Wellbeing is a broad and abstract term which describes a general aspiration for 'a good life', 'good quality of life' or 'high satisfaction with life'. It can be thought of from many points of view: a person, a family, a community, a population group, or from a societal perspective.
More than material living conditions (e.g. income, wealth, consumption, housing and possessions), the concept of wellbeing relates to:
- how people feel (i.e. how happy are you?)
- how people evaluate their lives (i.e. how satisfied are you with your life?)
- whether people feel their life is worthwhile (i.e. the so-called eudaimonic measure).
In this conceptual framework, wellbeing also encompasses the elements:
WHAT ARE SOCIAL STATISTICS?
- who we are
- what we do
- where we live our lives
- our connections
- the wellbeing of others
- the risks we face
- our opportunities and barriers.
Social statistics reflect social issues, ideas, attitudes and behaviours, through quantitative and qualitative measurement. These measurements form a picture of social conditions and help monitor progress towards social goals, and inform the decisions of governments, community groups, organisations and individuals as they work to improve their conditions of life.
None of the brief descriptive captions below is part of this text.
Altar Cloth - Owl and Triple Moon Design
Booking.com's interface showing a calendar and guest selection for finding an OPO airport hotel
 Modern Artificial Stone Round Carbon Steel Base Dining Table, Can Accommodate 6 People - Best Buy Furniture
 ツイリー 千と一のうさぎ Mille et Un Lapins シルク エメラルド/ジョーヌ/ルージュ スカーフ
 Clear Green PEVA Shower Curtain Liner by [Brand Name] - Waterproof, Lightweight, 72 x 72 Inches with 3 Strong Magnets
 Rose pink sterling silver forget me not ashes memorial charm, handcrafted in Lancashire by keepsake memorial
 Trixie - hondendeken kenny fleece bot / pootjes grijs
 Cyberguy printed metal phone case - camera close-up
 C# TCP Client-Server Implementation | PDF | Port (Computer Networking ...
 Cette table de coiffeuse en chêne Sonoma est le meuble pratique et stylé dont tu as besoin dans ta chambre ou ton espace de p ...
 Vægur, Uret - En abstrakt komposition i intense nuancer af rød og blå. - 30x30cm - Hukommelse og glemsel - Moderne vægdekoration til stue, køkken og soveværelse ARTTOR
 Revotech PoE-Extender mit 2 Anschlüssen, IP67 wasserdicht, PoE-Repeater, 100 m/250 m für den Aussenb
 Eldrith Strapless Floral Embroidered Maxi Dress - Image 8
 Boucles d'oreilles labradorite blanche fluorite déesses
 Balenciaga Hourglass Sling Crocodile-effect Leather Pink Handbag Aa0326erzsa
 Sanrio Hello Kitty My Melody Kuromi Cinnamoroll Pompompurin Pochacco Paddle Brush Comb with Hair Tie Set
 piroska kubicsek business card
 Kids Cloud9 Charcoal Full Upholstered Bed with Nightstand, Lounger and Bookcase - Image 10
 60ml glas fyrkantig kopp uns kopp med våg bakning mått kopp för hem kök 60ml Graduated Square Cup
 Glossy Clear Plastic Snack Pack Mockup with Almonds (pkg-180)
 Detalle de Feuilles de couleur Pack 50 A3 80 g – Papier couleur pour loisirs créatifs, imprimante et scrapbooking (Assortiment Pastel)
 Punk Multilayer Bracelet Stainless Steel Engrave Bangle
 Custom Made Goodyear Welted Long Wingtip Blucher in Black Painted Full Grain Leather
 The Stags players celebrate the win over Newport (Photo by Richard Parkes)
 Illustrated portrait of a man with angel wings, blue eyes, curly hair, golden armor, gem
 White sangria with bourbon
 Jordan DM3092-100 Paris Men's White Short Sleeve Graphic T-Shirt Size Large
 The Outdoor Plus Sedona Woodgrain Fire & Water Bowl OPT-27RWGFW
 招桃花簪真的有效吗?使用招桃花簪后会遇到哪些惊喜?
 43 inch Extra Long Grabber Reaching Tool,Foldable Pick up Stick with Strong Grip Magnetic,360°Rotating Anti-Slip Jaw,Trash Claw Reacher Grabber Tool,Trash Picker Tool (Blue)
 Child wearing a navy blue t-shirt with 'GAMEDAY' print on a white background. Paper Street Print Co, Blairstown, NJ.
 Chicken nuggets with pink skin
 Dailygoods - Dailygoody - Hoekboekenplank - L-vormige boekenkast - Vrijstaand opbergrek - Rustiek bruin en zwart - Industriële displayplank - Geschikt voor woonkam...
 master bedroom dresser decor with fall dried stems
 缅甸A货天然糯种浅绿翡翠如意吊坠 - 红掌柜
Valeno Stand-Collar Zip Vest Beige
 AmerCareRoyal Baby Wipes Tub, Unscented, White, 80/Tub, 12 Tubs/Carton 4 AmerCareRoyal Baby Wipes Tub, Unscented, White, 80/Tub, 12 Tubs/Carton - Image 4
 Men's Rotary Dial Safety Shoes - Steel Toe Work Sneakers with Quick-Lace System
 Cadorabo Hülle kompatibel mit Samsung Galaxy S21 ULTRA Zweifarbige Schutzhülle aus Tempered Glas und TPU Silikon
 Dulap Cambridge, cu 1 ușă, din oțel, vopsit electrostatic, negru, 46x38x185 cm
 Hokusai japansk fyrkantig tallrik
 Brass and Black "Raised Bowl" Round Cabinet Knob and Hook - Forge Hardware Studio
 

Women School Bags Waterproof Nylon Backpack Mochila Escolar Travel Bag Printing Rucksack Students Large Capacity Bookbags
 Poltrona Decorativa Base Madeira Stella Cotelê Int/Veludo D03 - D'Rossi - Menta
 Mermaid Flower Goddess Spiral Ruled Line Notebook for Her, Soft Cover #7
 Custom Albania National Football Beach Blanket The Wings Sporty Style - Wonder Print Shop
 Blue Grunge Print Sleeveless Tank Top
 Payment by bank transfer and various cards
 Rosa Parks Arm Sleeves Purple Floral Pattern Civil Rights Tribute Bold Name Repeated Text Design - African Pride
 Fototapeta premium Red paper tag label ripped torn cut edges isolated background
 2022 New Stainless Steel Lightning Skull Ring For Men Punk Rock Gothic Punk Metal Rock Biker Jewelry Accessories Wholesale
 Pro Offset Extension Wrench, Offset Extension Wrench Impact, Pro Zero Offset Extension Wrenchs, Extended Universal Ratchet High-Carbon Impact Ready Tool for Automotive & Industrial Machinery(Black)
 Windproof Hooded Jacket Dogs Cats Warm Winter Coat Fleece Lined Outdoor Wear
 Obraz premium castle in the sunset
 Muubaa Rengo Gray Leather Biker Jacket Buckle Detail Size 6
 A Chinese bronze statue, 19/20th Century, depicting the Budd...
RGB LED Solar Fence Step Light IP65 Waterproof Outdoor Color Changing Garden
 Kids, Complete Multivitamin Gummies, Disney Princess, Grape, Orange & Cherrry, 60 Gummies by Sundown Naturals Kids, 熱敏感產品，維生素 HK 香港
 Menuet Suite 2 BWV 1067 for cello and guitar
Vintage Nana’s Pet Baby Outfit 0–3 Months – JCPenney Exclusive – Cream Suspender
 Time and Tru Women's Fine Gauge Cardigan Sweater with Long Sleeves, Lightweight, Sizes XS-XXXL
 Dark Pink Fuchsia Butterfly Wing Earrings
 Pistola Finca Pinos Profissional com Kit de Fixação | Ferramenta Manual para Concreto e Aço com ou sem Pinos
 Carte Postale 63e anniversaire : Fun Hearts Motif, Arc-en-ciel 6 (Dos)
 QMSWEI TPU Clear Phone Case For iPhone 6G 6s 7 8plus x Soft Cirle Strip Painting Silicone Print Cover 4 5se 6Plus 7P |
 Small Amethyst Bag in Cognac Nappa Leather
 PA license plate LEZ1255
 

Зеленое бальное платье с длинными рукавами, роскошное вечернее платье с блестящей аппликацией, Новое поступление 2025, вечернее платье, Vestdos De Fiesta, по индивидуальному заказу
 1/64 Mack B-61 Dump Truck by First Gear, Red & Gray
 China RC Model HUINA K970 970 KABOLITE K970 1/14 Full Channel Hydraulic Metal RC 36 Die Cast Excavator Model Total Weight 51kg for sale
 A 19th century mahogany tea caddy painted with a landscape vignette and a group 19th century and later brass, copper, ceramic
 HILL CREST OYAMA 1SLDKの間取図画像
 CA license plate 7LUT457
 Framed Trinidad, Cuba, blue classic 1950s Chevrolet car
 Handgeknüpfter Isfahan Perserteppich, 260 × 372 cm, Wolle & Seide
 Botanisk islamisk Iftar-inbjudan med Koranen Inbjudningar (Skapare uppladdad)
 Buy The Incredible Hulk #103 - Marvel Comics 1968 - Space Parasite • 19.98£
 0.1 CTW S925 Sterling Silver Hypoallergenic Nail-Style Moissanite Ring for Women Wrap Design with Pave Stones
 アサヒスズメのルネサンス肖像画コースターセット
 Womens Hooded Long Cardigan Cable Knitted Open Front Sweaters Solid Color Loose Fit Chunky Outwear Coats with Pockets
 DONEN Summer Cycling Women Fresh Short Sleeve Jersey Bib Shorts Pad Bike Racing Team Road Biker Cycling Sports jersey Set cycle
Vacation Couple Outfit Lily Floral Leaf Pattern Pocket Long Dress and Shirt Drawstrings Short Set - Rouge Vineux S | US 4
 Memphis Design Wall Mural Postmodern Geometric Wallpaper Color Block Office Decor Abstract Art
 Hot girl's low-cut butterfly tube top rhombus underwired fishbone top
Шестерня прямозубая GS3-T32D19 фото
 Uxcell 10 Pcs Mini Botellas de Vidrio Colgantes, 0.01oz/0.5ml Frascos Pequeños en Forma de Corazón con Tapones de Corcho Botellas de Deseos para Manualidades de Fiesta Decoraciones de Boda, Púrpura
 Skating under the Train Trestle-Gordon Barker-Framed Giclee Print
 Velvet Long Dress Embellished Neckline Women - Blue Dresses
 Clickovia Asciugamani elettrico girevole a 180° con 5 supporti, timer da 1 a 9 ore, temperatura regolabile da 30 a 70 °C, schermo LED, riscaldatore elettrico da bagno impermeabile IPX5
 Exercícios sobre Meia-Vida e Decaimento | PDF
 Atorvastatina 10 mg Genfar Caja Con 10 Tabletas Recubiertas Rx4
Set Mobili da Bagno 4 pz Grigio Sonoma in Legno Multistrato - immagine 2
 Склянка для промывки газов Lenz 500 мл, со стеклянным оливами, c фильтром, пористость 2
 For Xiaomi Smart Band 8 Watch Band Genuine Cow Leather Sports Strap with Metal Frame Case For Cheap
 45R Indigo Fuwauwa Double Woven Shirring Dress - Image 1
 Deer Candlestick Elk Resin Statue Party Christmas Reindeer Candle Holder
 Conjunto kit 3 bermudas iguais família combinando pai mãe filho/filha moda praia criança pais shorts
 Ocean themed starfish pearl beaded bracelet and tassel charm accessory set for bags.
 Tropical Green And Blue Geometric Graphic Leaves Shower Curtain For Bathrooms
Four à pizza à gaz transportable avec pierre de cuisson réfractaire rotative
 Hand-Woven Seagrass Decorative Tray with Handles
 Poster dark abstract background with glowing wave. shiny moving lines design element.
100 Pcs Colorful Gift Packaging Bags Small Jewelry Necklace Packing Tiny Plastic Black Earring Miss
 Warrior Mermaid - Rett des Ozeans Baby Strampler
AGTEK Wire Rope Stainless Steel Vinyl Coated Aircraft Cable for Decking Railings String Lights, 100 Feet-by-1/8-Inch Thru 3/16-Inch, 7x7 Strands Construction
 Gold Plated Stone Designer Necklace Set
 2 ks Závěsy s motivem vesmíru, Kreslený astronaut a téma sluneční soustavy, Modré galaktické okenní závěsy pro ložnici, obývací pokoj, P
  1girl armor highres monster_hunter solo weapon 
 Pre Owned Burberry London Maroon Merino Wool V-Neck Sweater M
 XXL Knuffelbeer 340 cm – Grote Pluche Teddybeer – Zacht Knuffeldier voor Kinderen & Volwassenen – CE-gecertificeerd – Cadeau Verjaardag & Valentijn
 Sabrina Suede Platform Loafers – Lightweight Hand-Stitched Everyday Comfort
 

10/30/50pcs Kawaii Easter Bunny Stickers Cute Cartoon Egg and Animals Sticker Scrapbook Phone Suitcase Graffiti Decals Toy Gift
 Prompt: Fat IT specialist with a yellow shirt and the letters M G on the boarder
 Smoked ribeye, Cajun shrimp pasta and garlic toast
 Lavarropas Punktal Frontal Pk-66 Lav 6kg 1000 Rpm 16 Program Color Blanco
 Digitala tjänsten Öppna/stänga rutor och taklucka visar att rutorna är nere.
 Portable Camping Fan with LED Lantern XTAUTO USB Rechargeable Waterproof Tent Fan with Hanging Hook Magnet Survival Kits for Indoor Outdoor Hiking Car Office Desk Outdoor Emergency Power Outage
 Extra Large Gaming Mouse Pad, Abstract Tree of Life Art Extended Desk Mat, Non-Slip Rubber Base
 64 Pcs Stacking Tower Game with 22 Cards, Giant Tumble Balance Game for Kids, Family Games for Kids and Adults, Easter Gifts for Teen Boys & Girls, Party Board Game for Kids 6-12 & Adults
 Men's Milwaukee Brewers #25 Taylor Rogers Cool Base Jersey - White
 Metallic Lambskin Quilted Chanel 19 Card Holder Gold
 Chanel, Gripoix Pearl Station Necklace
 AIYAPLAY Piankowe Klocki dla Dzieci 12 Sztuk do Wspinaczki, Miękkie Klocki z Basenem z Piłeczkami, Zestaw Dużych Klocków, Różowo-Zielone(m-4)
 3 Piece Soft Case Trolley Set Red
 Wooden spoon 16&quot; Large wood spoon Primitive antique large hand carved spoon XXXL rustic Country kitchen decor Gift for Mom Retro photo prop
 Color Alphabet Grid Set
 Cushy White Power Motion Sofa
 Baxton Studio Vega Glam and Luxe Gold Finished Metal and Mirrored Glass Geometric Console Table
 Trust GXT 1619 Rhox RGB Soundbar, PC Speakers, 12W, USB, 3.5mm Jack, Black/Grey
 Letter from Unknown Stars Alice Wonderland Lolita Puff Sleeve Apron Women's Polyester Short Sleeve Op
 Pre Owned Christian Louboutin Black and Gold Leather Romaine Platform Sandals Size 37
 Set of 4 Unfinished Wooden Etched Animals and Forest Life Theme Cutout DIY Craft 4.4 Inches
WHY ARE WELLBEING AND SOCIAL STATISTICS LINKED?
In the 1970s, the OECD (1976) first proposed that wellbeing could be measured by defining goal areas, or areas of concern, that were of fundamental importance to wellbeing. Based on this idea, Australian social statistics have traditionally focused on a set of aspirations for society.
In 2011-12, the ABS undertook a national consultation to better understand the aspirations and hopes of Australians for their and the nation's future. Based on this consultation, the ABS revised the set of aspirations
to focus on the areas Australians said were most important to them. Each of these aspirations can be linked to a broad social statistics theme.
KEY ASPIRATIONS AND RELATED SOCIAL STATISTICS THEMES
|Social Statistics Theme||Aspiration|
|Family and community||Australians aspire to a society that nurtures relationships and where people support each other|
|Health||Australians aspire to good health for all|
|Learning and knowledge||Australians aspire to a society that values and enables learning|
|Work||Australians aspire to satisfying and rewarding work|
|Economic wellbeing||Australians aspire to a fair society that enables everyone to meet their material needs|
|Housing||Australians aspire to have secure places to live that provide a sense of belonging and home, and are adequate to their needs|
|Crime and justice||Australians aspire to a society where people are safe and feel safe; where justice systems are fair and accessible|
|Culture and leisure||Australians aspire to value all aspects of life that are important to people and enrich their lives|
|Governance||Australians aspire to a free society where governance processes are trusted and everyone is able to participate in decision making which affects their lives|
|Information and communication technology||Australians aspire to be well-informed and connected|
|Built and natural environment||Australians aspire to healthy natural and built environments, which they connect to, benefit from, care for and sustain for future generations |
|Population||The characteristics of Australia's population (such as its size and composition) influence, and in turn are influenced by, many aspects of wellbeing.|
Organisation for Economic Co-operation and Development ( OECD ), 1976, Measuring Social Well-Being: A Progress Report on the Development of Social Indicators.